Die Einen lieben es und die Anderen können davon nicht genug bekommen. Ben 10 präsentiert sich im Cel Shading Look, der das Spiel wie einen Zeichentrick aussehen lässt. Durch die Optik gibt es natürlich keine grafischen Finessen, doch ist dies nicht weiter tragisch. Die Charaktere und die Levels sind den "Originalen" sehr gut nachempfunden und liefern recht ordentliche Animationen ab. Witzige Passagen(lassen sich nur in englischer Sprache nachvollziehen) und tolle Zwischensequenzen machen dem Comic-Look alle Ehre.

Sound

Die Musik und die Soundeffekte besitzen nicht nur einen futuristischen Flair, sondern lehnen an die trashigen B-Movies an. Wer es kennt und zu schätzen weiß, der wird es lieben, auch wenn es nicht ganz klar ist, was es in einer Zeichentrick-Umsetzung verloren hat.
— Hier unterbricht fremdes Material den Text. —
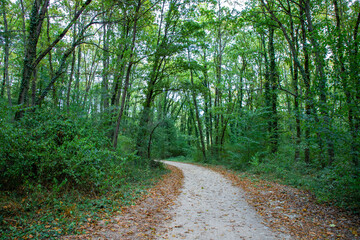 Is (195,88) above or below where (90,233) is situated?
above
Die Charakterstimmen sind natürlich erste Sahne, wenn auch nur in Englisch und mit deutschen Untertiteln versehen.

(Fazit weiter unten)

Wir bedanken uns bei Koch Media für die freundliche Bereitstellung eines Testmusters.

Game Facts

Entwickler: D3 Publisher
USK: 12
Pegi: -
Multiplayer: 1-2 Spieler
Sprache: Englisch / deutsche Untertitel
Preis: EUR 39,99 / CHF 63.-
Website: www.d3publisher.us

Review Ben 10: Protector of Earth  
 
Beschreibung
Steuerung
Unkompliziert, aber ohne Abwechslung beginnt man das pausenlose Knöpfedrücken. Wenn man möchte, kann man sogar aus 3 verschiedenen Einstellungen wählen.
Grafik
Der Cel Shading Look lässt den Spieler in eine bunte Comicwelt abtauchen. Besonders aber die kurzen Zwischensequenzen sind gut gemacht.
Sound
Die Musik ist Trash pur und versprüht einen frischen Wind. Wie es bei einer Zeichentrickserie üblich ist, regiert hier eine fiktive und wirre Musik.
Spielspaß
Nach jedem beendeten Level erwischt man sich dabei sagend: "Ok, noch ein Level, dann ist aber wirklich Schluss".
Sonstiges
+ Koop-Modus
- Keine Abwechslung
- sehr lineare Level
- nur 5 statt 10 Superhelden
- Umsetzung einer Zeichentrickserie nicht Jedermanns Fall

72%

Fazit
Doch, man muss schon sagen, dass Ben 10: Protector of Earth einen gewissen Charme und Reiz besitzt. D3 Publisher wollte kein ernstes oder realistisches Spiel entwickeln. Vielmehr sollte es eine Zeichentrickserie zum Spielen werden und dabei ist der beliebte Held Ben zum Einsatz gekommen. Ob nun Detailarmut, unrealistische Grafik und Cel Shading Look: Bei Ben 10 ist es egal. Man schaut sich eine Zeichentrickserie auch nicht an, weil sie mit echten Serien, etwa das A-Team, konkurrieren kann. Leider besitzt das Spiel nicht sehr viel Spieltiefe und Abwechslung, was man mit den nicht vorhandenen 5 weiteren Helden evtl. hätte schaffen können. Nicht nur für Fans der Serie, sondern auch für generell alle jung gebliebenen Zeichentrickserien-Liebhaber ist Ben 10 ein Muss in der eigenen Wii-Sammlung. Grafikverwöhnte und anspruchsvolle Spieler werden hingegen keinen Spaß finden.